Recreational Math part one: Of Planes, Perfect Differences and Pretzel Graphs
von Martin Becker (martin) (Ulm.pm)
Recreational Math part one: Of Planes, Perfect Differences and Pretzel Graphs richtet sich an Alle und wird in Deutsch gehalten.
Some math questions are easy enough to understand without any background in advanced mathematics that they may entertain amateurs and professionals alike. This does not mean answers will be just as easy, only that a wider audience may be able to appreciate them, and even venture one or another contribution. Welcome to recreational math.
This episode takes a look at some aspects of planes and planarity, or lack thereof, with applications in graph theory and design theory, and behind the scenes of a free but immensely expensively obtained CPAN module, spawned from an idea to solve a simple puzzle.

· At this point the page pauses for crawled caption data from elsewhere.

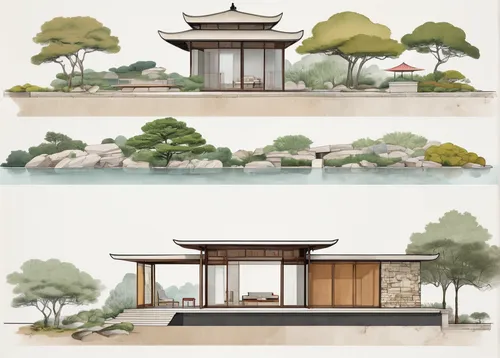 asian architecture,japanese architecture,chinese architecture,ginkaku-ji,japanese garden,japanese garden ornament,the golden pavilion,background vector,golden pavilion,illustrations,backgrounds,garden buildings,japanese shrine,oriental painting,japanese background,ryokan,3d rendering,hanok,japanese-style room,landscape background,Unique,Design,Infographics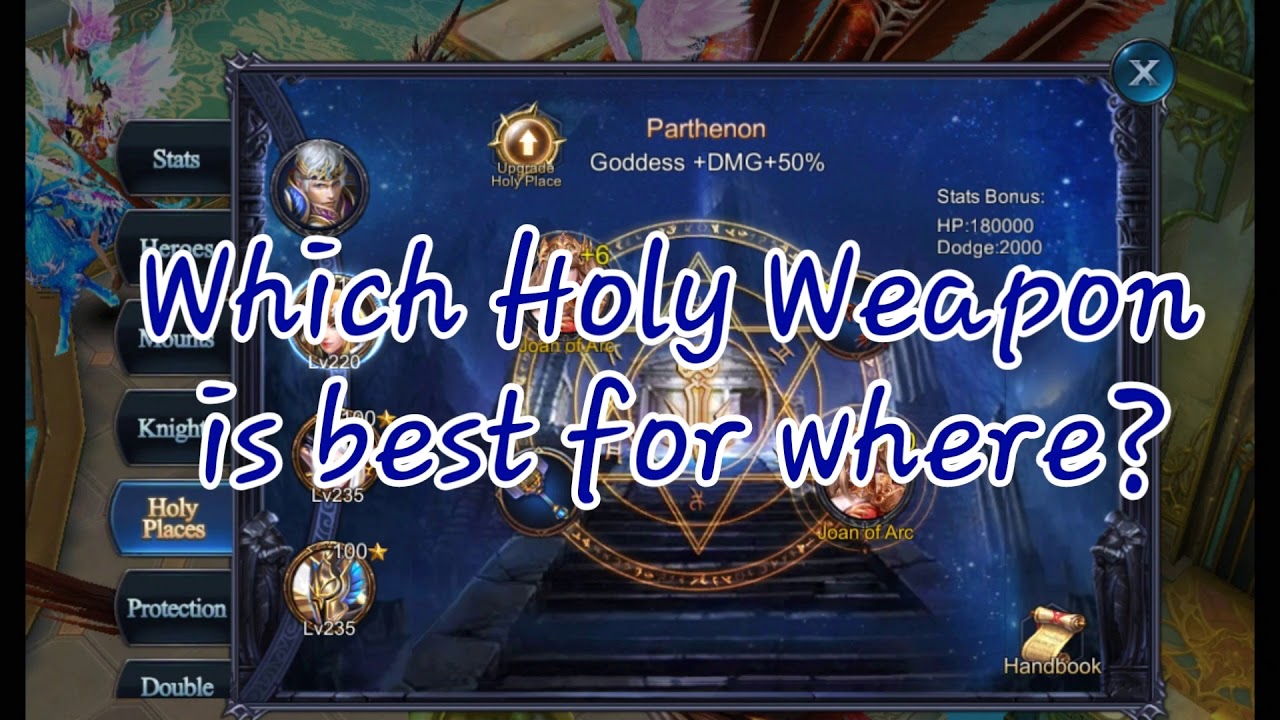 GPC Holy Weapons Explained, Goddess Primal Chaos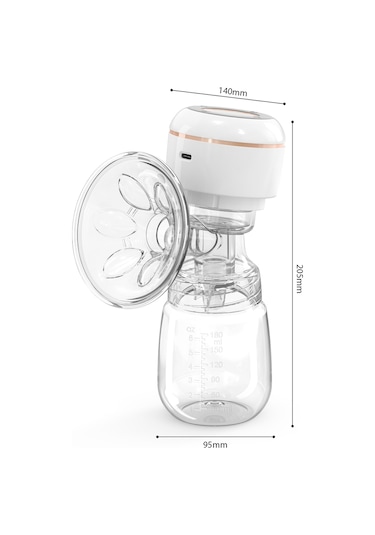 Geeroyoo Yw991 4 Modlu 12 Seviyeli Şarjlı Elektrikli Göğüs Pompası, 180ml Kapasiteli Beyaz Yeni Model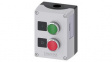 3SU1852-0AB00-2AB1  Control Station with 2 Pushbutton Switches, Green, Red, 1NC + 1NO, Screw Termina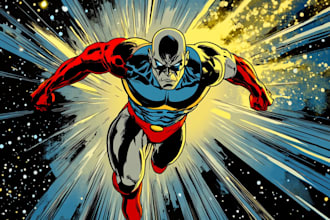 do a concept art superhero character design for comics
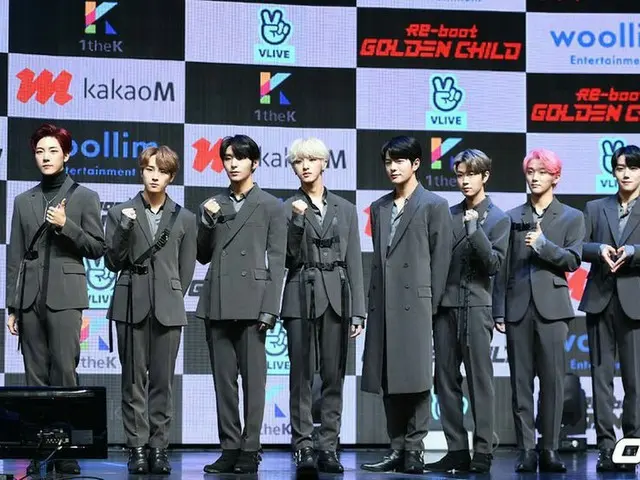 Golden Child、1stフルアルバム「Re-boot」発売記念ショーケース開催中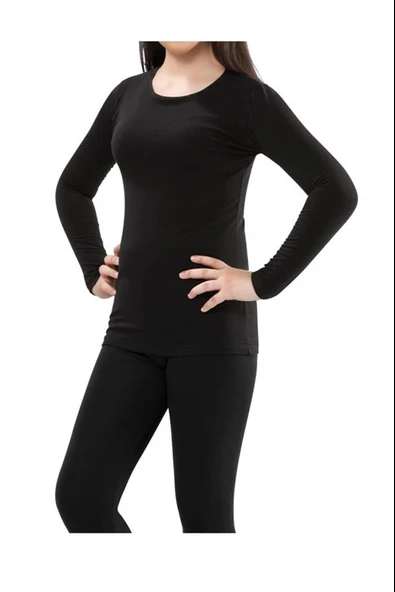 Gümüş Kız Çocuk Termal Alt Üst Takım İçlik 4072-73 - 1 Set Siyah 3 (5-6 YAŞ) - 2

Some of us will recall (Euclidean) plane geometry from their school days, but there are quite different ways to look at planes. Out of these, we choose topology and projective geometry. If planar graphs are those you can draw without intersecting lines on a plane, what then can you draw on a pretzel?
Then again, seeking intersections rather than avoiding them takes us to projective planes. A 100-year-old construction of James Singer yielding planes of a certain kind is still related to many open questions. Can the CPAN module Math::DifferenceSet::Planar answer some? Was collecting accompanying data, taking years of CPU time, worth the effort? Relax, and judge yourself.